Why? Because scandal sells. And most editors, like most American sports fans, don’t really care about or follow cycling. Sure the media ran big stories when Greg LeMond or Lance Armstrong or Floyd Landis won the Tour. But otherwise, you need a major scandal to get a cyclist’s name in the teaser on CNN, or in stories in the major metro papers.

So, yeah, the public’s perception of cycling is a little bit skewed. But it’s precisely because of the kind of coverage it receives. Imagine living in another country where baseball and football aren’t the major sports. If you heard about the BALCO scandal and other steroid scandals rocking those sports, and that’s all you heard, wouldn’t you think those sports had hit rock bottom?

The truth of the matter is that cycling hasn’t sunk any deeper than football or baseball or track. It’s just that the media’s coverage of cycling makes it seem that way.
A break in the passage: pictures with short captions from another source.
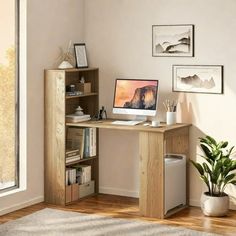 a desk with a computer on top of it in a room next to a window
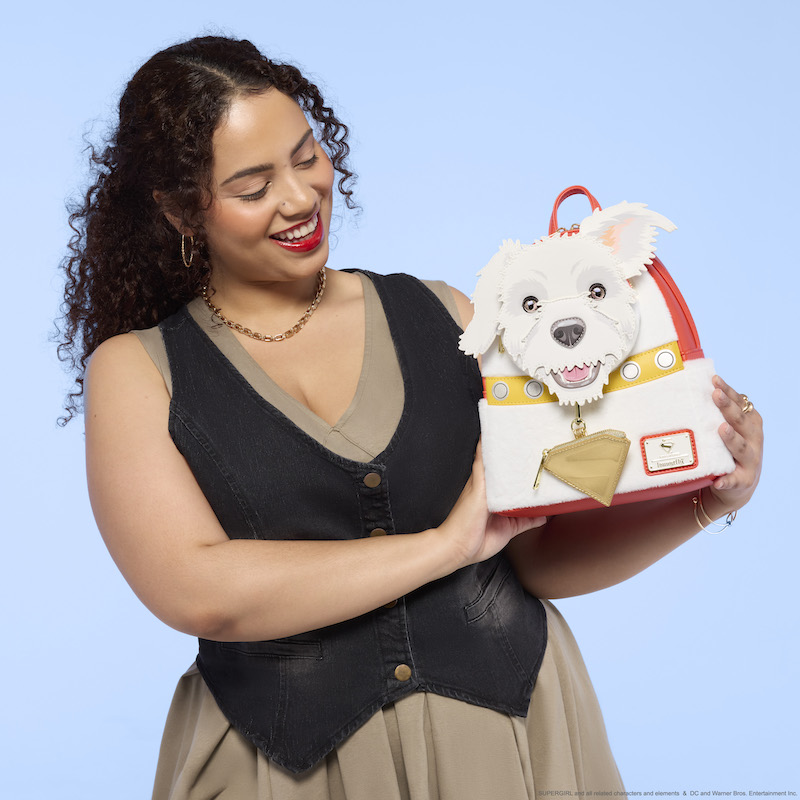 Woman wearing a khaki colored dress with black vest holding the Loungefly Supergirl Krypto mini backpack. 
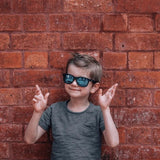 Child wearing BABIATORS BLUE SERIES - NAVIGATOR - POLARISED BABIATORS The Scout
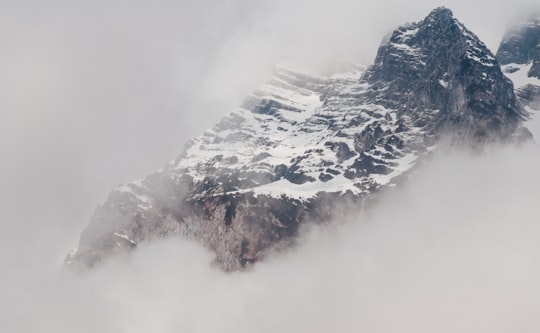 snowy mountain covered by fog in Königssee Germany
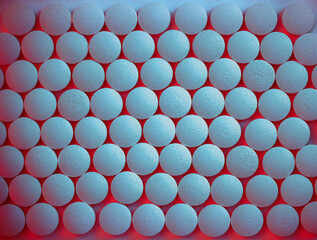Round blue pills on a flat surface - red shining background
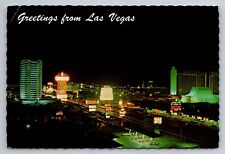 Greetings From Las Vegas Strip At Night Nevada Vintage Posted 1976 Postcard picture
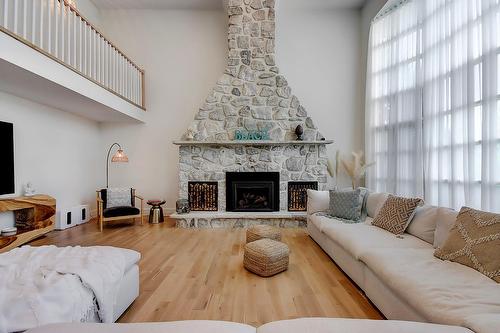 Living room - 1080 Rue Ste-Thérèse, Saint-Jean-Sur-Richelieu, QC - Indoor Photo Showing Living Room With Fireplace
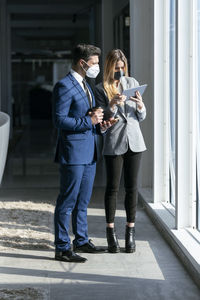 Professionals with protective face mask working over digital tablet while standing in office
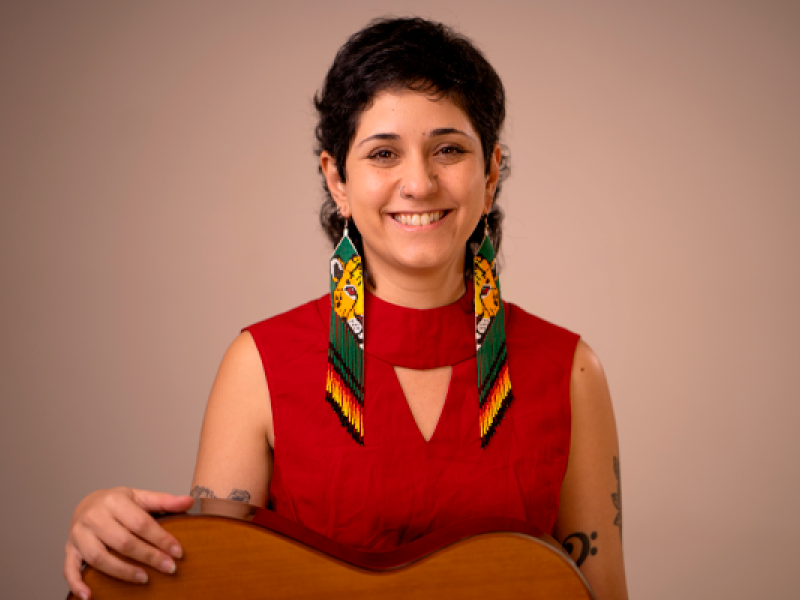 A imagem retrata uma mulher sorridente em um fundo neutro. Ela usa um vestido vermelho e ostenta longos brincos artesanais com motivos indígenas, destacando cores vibrantes como amarelo, verde e preto, e figuras de onças. Seu cabelo é curto e ondulado, e ela possui uma tatuagem visível no braço esquerdo e um piercing no nariz. A mulher está segurando um violão, sugerindo uma conexão com a música ou a arte. A expressão dela transmite simpatia e confiança.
Here’s the deal: There’s doping going on in all sports. And every athlete involved in doping brings his or her sport into disrepute. Cycling gets more press coverage for doping scandals than coverage of races and events compared to other sports. So it only seems like cycling has a bigger problem. The problem is there in every sport. Sports writers and editorial writers just need to open their eyes to see.
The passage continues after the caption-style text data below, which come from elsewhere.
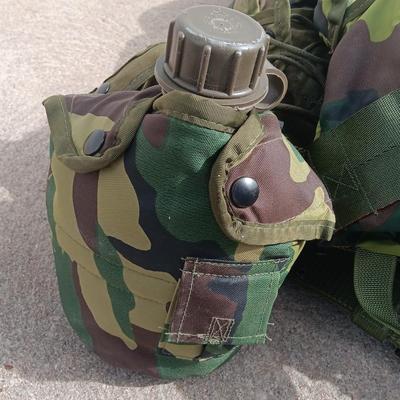 Military issued tactical load bearing vest with accessories.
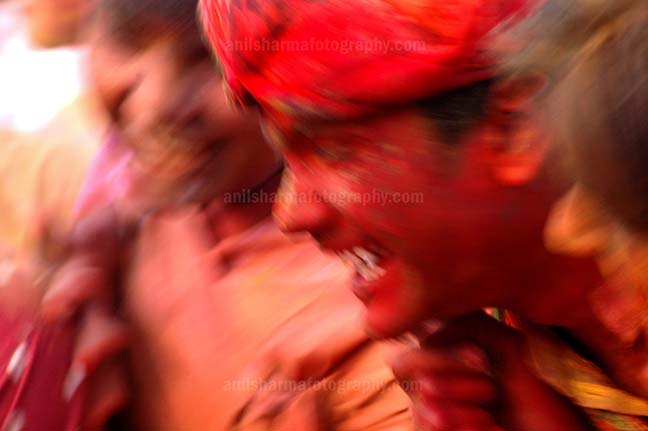 Festivals- Lathmaar Holi of Barsana (India) A man daubed in colored powder smiles as he celebrates “Lathmaar Holi”at Mathura, Uttar Pradesh, India. by Anil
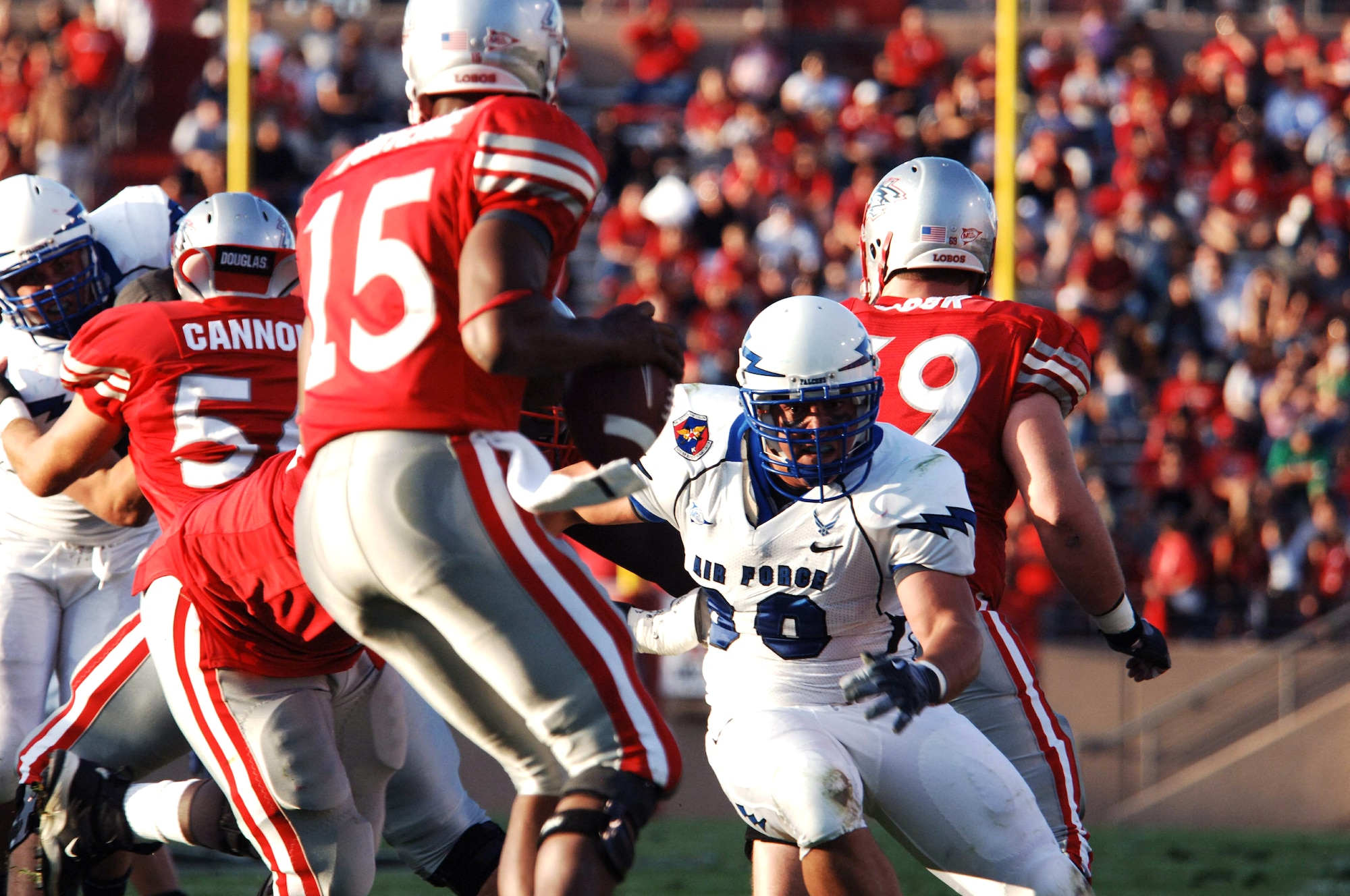 U.S. Air Force Academy defensive end Ryan Ricketts pressures New Mexico quarterback Donovan Porterie during football action Sept. 19, 2009, at Albuquerque, N.M. (U.S. Air Force photo/John Van Winkle)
The world of professional cycling is at a crossroads right now. Depending on how the powers that be navigate the present situation, it may come out a much cleaner and healthier sport (in more ways than one) by the time this upheaval is over. Football, baseball and other sports will continue to be rocked by doping scandals for some time to come. The only difference is, their adoring fans will continue to ignore the seamy underbelly of these other drug-dependent sports.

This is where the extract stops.